2018年11月14日水曜日

横尾流現代美術を読む(2)

横尾忠則・ビートルズポスター
http://beatles.fact-web.com/
article/33529669.html
結局のところ、私はデザインの世界に進まなかった。中学時代、美術は常に5を貰っていたし、絵を描くのがメシより好きだと思っていたが、今思うとメシのほうが好きだったのだと思う。(笑)横尾氏の膨大な作品群を眺むるに、内面からわき出てくるモノのパワーに脱帽せざるを得ない。

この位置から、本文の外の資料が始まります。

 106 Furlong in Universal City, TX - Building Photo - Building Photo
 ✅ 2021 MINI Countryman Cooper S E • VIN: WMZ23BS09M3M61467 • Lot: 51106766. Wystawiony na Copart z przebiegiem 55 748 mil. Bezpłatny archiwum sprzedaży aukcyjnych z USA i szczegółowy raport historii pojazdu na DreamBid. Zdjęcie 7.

横尾氏はNYのピカソ展で画家に転向する(すなわちデザイナーがクライアントの制約から逃れることを意味する)インスピレーションを得たらしい。(私はピカソは好きではないが、その圧倒的な存在感は認める。)画家は、特に現代美術は何を描こうとしているのか。この芸術論は果てしない拡がりがある。横尾氏は三島由紀夫との関わりの中で、仏教の唯識的なとらえ方をしているようだ。以下、印象に残った文章。

パリビエンナーレ作品
http://megasameta.com/
鰯は一匹一匹は独立しているが、群れとして全体の中で生きている。それで僕は鰯のたとえを出すけれど、鰯一匹一匹は、単に一匹という「私」だと思うんだけど、それが大群に入ったときには全員の無意識とが一つになって、自分でありながら、同時に大群の意識というものにもなれるというか、魚が意識を持っているかは怪しいもので、たぶんないでしょうね。感覚だけで。だから、鰯をそっくり人間の悟りの状態に置き換えるというのは無理すが、それに近い気がしますね。人間だと、社会というか。全体的なものを常に感じているということなのかもしれない。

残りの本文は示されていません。